Spain, which holds its fourth general election in as many years on Sunday, is facing an economic slowdown

Madrid (AFP) - Roberto Garrido has watched with alarm as sales at his Madrid car dealership have plunged since January.

Purchases of Renault cars alone are down 30 percent in the past year, and his dealership has frozen all non-urgent investments, he said.

Spain, which holds its fourth general election in as many years on Sunday, is facing an economic slowdown as political instability at home stymies reforms and global uncertainty hurts business confidence.

When Spain returned to growth in 2013, the auto sector benefited from “a catch-up effect” as consumers who had postponed purchases during the crisis years re-opened their wallets, Garrido told AFP at his car dealership in the middle-class Fuente del Berro district.

But the effect is fading and the lack of a stable government in Spain has meant there are still no clear auto emission rules – which is again putting off consumers, he said.

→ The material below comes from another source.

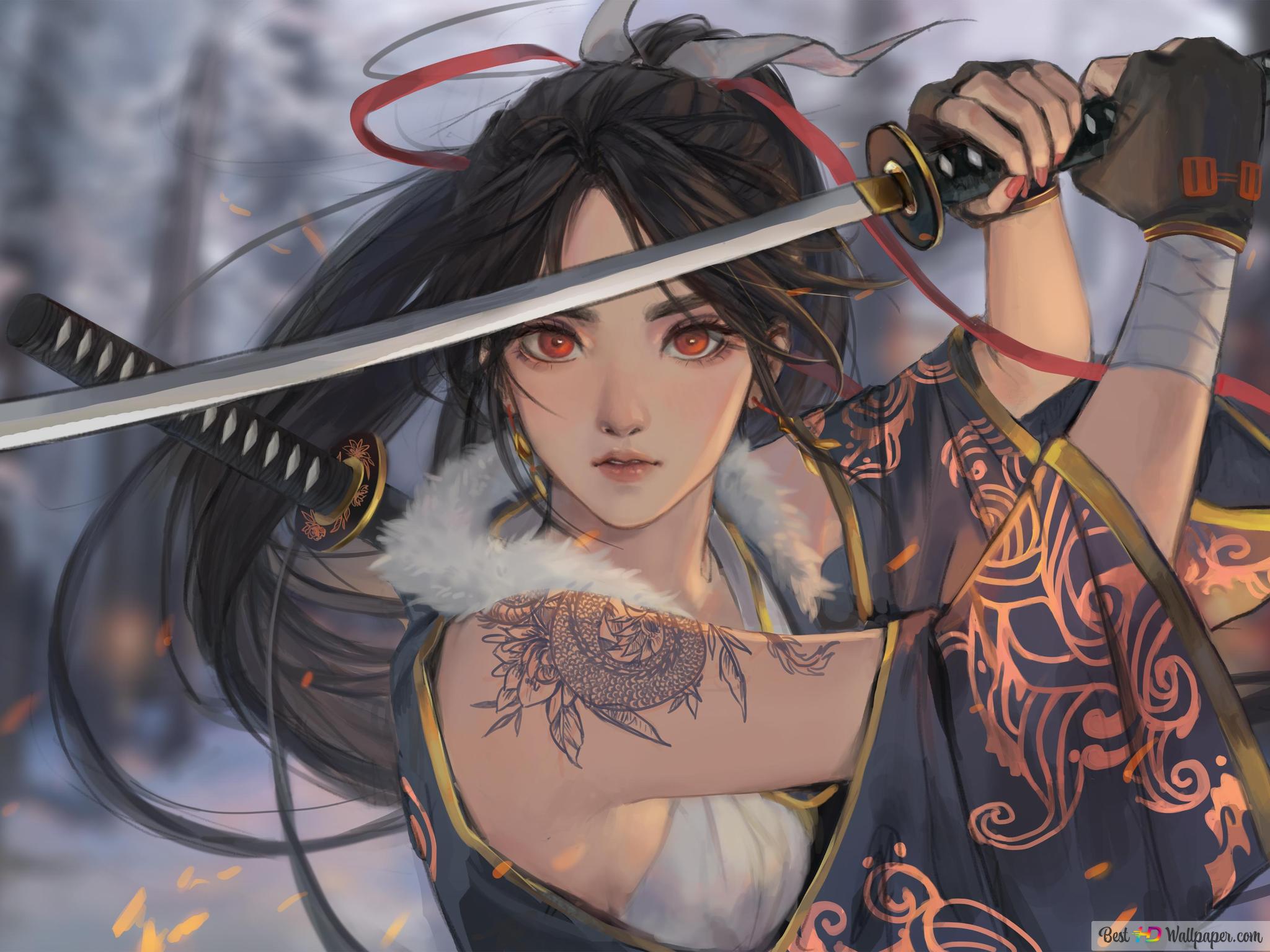 Beautiful anime samurai girl with long dark hair, tattoos, red eyes in front of blurred forest background 4K wallpaper download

“Politicians have said everything and its opposite about diesel, petrol and pollution… As a result, people don’t know what to do, what kind of car to buy and postpone buying one,” Garrido said, hoping the outcome of Sunday’s poll might provide more clarity.

Overall, Spanish car sales have fallen six percent in the first 10 months of this year, according to Spain’s automobile manufacturers association, ANFAC.

- Slowing growth -

In September, the Bank of Spain cut its growth estimate for 2019 to 2.0 percent from 2.4 percent previously.

That compares with an average annual growth rate of around 3.0 percent for the eurozone’s fourth-biggest economy between 2015 and 2017.

Economists blame the slowdown on global uncertainty emanating from US President Donald Trump’s trade wars with China and other countries, as well as weaker growth in Spain’s main trading partners like Germany.

“We are seeing a substantial deterioration in household spending, as well as a significant slowdown in business investment,” the head of macroeconomic analysis at BBVA Research, Rafael Domenech, told AFP.

Spanish car sales have fallen six percent in the first 10 months of this year

Goods exports are already slowing and could be hit further by Washington’s decision to slap tariffs on Spanish products such as olive oil, cheese and wine in a tit-for-tat row with the European Union over subsidies to planemaking giant Airbus.

Consumer spending picked up in the third quarter, but experts do not expect the improvement to last, with unemployment falling less rapidly than in recent years.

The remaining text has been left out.